Well after much discussion with others it has emerged that a useful improvement will be to have a thing that looks a bit like a procedure or function but is not, it could be simply called an "intrinsic" a new kind of entity. Then implement things so that it is only inside an "intrinsic" that one can embed assembler, it will not be possible to embed assembler freely in any old code.
Furthermore an intrinsic will specify a target in some way, perhaps as simply as "target(x64)" and then only the intrinsics that target the same target (as the compiler when it builds) will be visible and accessible to the rest of the code and if there are multiple intrinsics with the same name but differing targets, the can be resolved on that basis.

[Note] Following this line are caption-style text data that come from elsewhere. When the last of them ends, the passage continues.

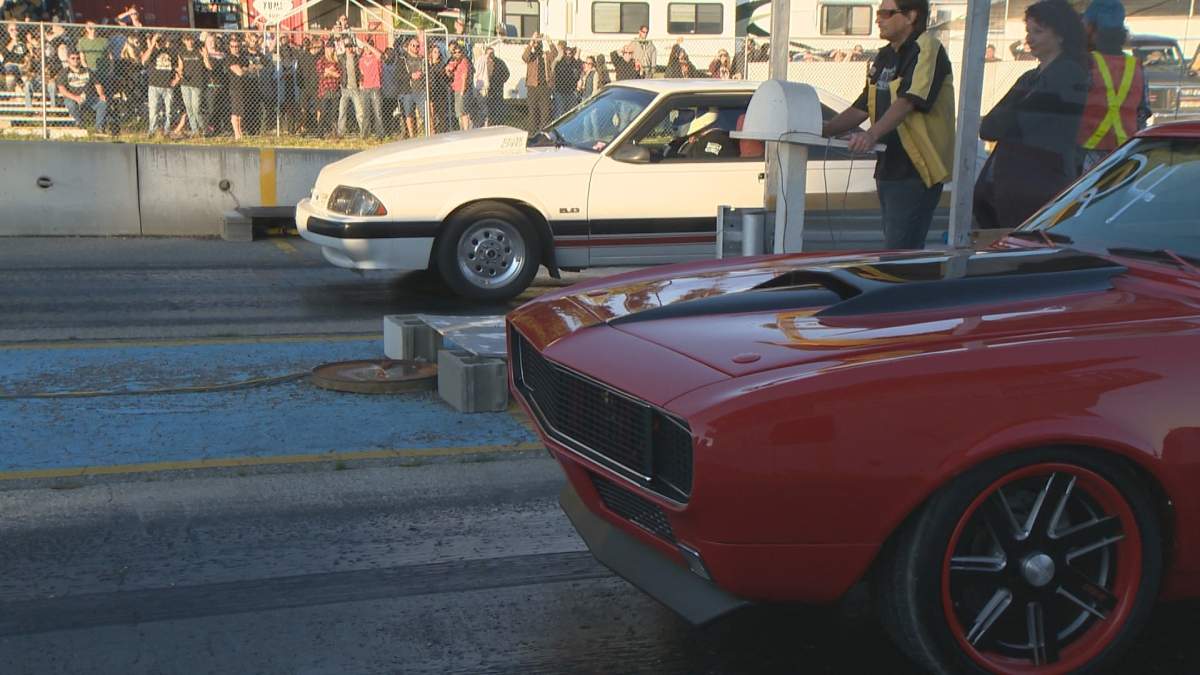 Thunder Mountain Speedway roars with street cars - image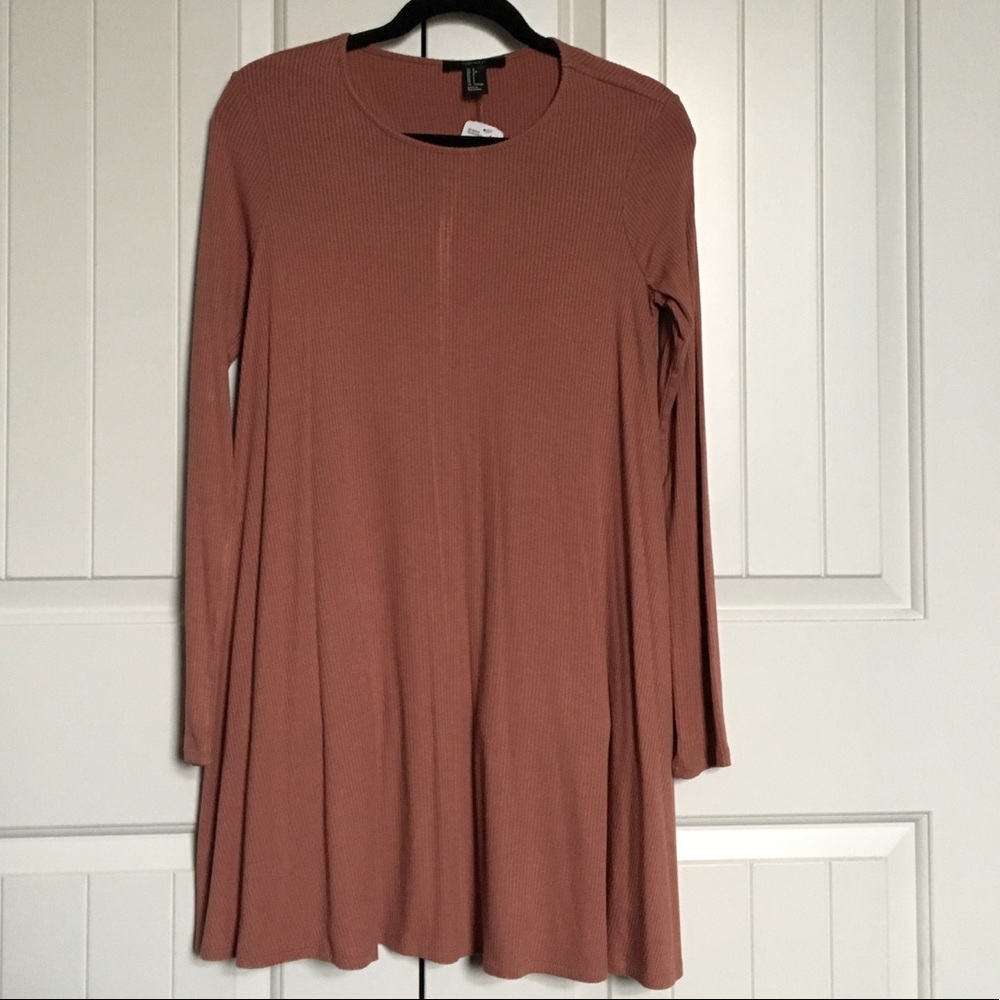 Forever21 long sleeved swing dress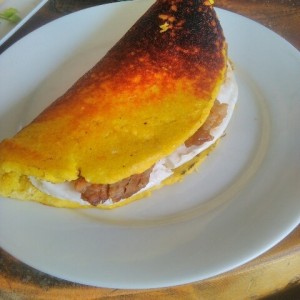 cachapa de queso y pernil 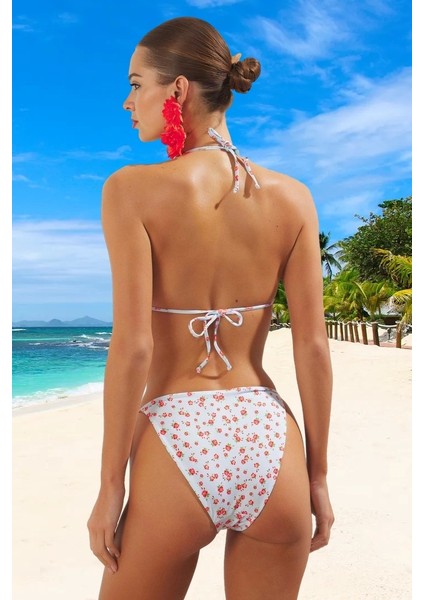 Desenli Üçgen Bikini Takımı Şık Detaylı Su Sporları Için Plaj ve Havuz Ergonomik Kesim fiyatları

An intrinsic will appear like a procedure or function when referenced, but will not be, it will represent a literal embedding of the associated machine instructions with support for passing arguments and returning values in a similar way to many of today's common C intrinsics.Yes, this pattern is already in use in some high-performance computational software in Linux. I've used it myself. In GNU C/C++, it look roughly like
__attribute__((always_inline, target("machine-dependent-options")))
static inline return_type name(args...) {
return_type return_value; // and any other local variables
asm volatile( "extended assembly"
: output-operands // return_value
: input-operands
: clobbers );
return return_value;
}
See common function attributes and extended asm for the details. This is supported by both GCC and Clang C and C++ frontends, although some of the attribute names and definitions vary a bit; better use preprocessor macros.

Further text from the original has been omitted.